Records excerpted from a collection
>>>

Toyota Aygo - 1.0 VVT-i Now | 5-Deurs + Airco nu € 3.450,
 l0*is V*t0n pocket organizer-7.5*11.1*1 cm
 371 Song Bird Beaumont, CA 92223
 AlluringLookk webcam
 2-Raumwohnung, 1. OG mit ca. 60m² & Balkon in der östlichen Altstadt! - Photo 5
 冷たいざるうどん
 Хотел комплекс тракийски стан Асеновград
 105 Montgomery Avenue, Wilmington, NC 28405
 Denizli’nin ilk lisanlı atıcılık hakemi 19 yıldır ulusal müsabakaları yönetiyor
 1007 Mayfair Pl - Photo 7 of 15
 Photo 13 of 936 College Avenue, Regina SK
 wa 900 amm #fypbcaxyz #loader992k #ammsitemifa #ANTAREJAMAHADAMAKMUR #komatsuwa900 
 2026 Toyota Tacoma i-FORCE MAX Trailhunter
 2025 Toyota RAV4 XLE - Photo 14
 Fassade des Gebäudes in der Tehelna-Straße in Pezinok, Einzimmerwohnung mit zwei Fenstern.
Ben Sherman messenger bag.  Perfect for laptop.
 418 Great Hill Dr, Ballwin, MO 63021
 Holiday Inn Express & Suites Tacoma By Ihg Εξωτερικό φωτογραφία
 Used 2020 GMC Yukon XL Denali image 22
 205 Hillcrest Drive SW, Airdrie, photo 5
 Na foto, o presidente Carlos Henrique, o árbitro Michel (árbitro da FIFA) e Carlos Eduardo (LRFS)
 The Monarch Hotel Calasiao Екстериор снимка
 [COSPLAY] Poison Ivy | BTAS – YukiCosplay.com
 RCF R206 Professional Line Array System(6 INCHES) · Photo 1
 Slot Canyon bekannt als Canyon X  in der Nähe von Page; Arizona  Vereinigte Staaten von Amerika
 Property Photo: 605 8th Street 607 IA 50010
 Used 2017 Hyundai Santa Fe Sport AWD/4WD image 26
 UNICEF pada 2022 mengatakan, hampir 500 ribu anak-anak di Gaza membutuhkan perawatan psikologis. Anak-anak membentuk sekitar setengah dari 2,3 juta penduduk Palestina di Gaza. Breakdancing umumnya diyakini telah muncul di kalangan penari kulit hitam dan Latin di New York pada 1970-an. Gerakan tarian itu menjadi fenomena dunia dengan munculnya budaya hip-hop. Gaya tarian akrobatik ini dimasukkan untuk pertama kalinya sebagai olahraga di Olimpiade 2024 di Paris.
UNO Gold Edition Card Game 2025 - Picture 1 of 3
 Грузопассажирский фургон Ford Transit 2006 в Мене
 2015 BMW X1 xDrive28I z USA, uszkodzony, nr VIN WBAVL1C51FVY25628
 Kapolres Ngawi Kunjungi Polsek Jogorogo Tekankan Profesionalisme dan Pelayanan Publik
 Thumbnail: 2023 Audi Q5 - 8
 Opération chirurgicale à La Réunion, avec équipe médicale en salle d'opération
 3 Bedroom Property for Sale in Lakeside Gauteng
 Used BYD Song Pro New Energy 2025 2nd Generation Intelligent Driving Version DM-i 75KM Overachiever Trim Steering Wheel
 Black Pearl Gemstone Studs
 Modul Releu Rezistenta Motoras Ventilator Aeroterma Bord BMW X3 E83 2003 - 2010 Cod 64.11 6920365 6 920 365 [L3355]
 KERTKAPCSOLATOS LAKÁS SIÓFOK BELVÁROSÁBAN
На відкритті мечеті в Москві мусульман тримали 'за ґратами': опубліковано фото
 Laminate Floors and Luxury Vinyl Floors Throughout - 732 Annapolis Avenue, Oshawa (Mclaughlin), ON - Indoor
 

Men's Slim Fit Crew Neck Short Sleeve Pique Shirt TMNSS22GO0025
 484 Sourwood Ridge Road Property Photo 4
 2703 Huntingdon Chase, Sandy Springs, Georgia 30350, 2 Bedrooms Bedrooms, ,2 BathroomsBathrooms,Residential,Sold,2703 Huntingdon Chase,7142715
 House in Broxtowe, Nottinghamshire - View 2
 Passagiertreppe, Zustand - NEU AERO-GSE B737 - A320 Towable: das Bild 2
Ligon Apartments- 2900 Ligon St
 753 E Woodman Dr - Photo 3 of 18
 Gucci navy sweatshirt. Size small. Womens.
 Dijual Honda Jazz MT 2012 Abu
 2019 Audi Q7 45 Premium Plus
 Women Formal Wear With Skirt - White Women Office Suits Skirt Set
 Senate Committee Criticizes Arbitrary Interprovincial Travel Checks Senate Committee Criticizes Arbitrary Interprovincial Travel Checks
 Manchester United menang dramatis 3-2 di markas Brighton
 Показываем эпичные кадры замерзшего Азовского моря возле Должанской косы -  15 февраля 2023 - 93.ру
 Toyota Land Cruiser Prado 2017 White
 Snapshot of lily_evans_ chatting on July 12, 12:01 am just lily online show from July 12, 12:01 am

<<<

Work to be completed —
Reproduce, exactly as they stand in the data above, the lines from the one that holds "371 Song Bird Beaumont, CA 92223" to the one that holds "RCF R206 Professional", inclusive.

Exercise output —
 371 Song Bird Beaumont, CA 92223
 AlluringLookk webcam
 2-Raumwohnung, 1. OG mit ca. 60m² & Balkon in der östlichen Altstadt! - Photo 5
 冷たいざるうどん
 Хотел комплекс тракийски стан Асеновград
 105 Montgomery Avenue, Wilmington, NC 28405
 Denizli’nin ilk lisanlı atıcılık hakemi 19 yıldır ulusal müsabakaları yönetiyor
 1007 Mayfair Pl - Photo 7 of 15
 Photo 13 of 936 College Avenue, Regina SK
 wa 900 amm #fypbcaxyz #loader992k #ammsitemifa #ANTAREJAMAHADAMAKMUR #komatsuwa900 
 2026 Toyota Tacoma i-FORCE MAX Trailhunter
 2025 Toyota RAV4 XLE - Photo 14
 Fassade des Gebäudes in der Tehelna-Straße in Pezinok, Einzimmerwohnung mit zwei Fenstern.
Ben Sherman messenger bag.  Perfect for laptop.
 418 Great Hill Dr, Ballwin, MO 63021
 Holiday Inn Express & Suites Tacoma By Ihg Εξωτερικό φωτογραφία
 Used 2020 GMC Yukon XL Denali image 22
 205 Hillcrest Drive SW, Airdrie, photo 5
 Na foto, o presidente Carlos Henrique, o árbitro Michel (árbitro da FIFA) e Carlos Eduardo (LRFS)
 The Monarch Hotel Calasiao Екстериор снимка
 [COSPLAY] Poison Ivy | BTAS – YukiCosplay.com
 RCF R206 Professional Line Array System(6 INCHES) · Photo 1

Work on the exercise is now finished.